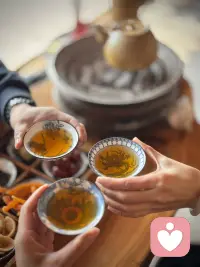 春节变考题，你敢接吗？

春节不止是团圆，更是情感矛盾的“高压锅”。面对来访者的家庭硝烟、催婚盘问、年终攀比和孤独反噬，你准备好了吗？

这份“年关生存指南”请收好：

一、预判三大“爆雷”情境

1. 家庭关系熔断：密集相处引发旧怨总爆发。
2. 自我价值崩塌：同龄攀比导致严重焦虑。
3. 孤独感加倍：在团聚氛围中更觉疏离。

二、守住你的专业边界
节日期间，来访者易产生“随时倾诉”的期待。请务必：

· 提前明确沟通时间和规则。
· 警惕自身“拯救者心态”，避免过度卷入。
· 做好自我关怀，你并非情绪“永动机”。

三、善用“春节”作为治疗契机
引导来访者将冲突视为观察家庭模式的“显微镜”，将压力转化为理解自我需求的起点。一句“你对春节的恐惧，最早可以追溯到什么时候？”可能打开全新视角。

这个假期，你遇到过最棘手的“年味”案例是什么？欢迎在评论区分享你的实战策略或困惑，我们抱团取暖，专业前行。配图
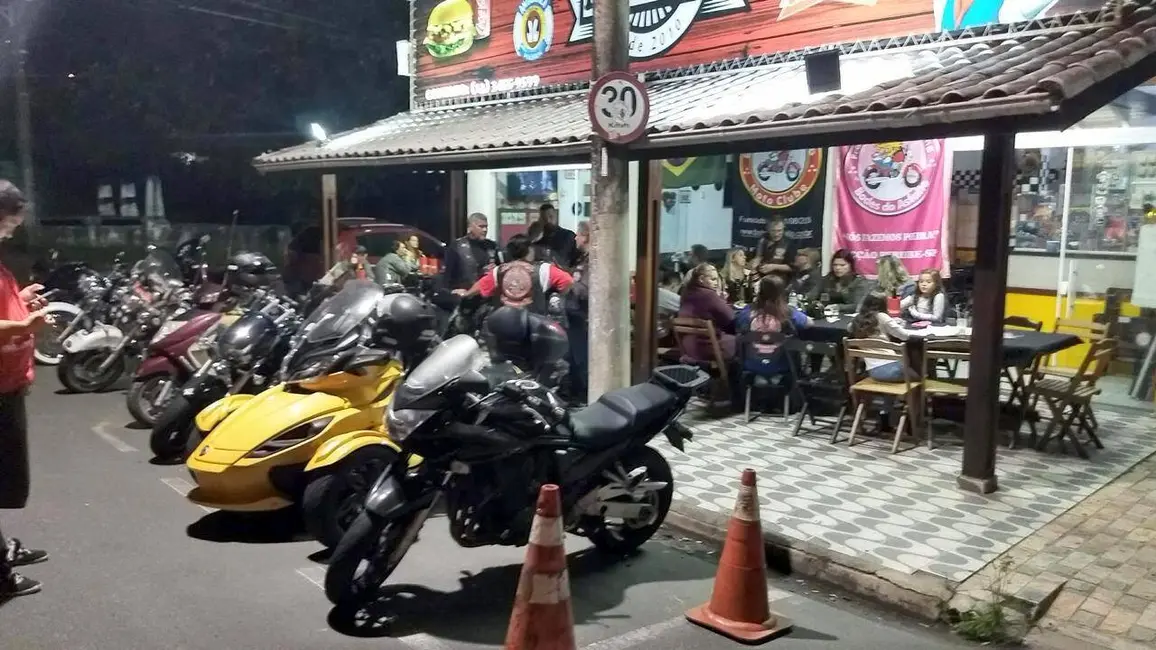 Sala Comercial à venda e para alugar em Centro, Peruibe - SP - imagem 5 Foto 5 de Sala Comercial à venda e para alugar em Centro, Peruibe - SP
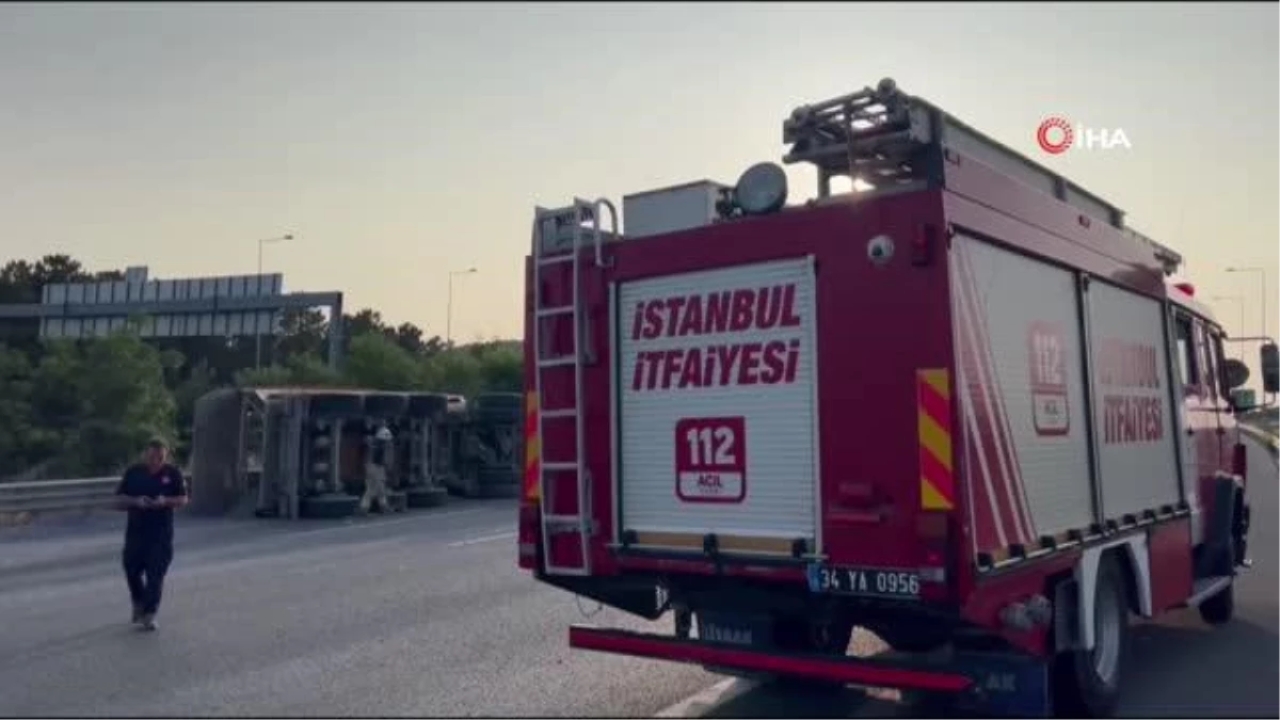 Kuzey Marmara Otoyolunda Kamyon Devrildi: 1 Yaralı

***

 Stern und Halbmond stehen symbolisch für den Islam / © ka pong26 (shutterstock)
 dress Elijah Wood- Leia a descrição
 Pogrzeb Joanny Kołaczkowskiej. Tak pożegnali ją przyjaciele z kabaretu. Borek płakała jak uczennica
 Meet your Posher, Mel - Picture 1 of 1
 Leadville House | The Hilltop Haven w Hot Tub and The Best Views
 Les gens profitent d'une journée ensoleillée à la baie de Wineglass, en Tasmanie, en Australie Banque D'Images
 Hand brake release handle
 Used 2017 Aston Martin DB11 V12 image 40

***

ABOUT THIS EXERCISE ::
Could you retype exactly the lines above, starting at the line that contains "Les gens profitent" and ending at the line that contains "Used 2017 Aston Martin DB11 V12 image 40", and nothing more?

EXERCISE SOLUTION ::
 Les gens profitent d'une journée ensoleillée à la baie de Wineglass, en Tasmanie, en Australie Banque D'Images
 Hand brake release handle
 Used 2017 Aston Martin DB11 V12 image 40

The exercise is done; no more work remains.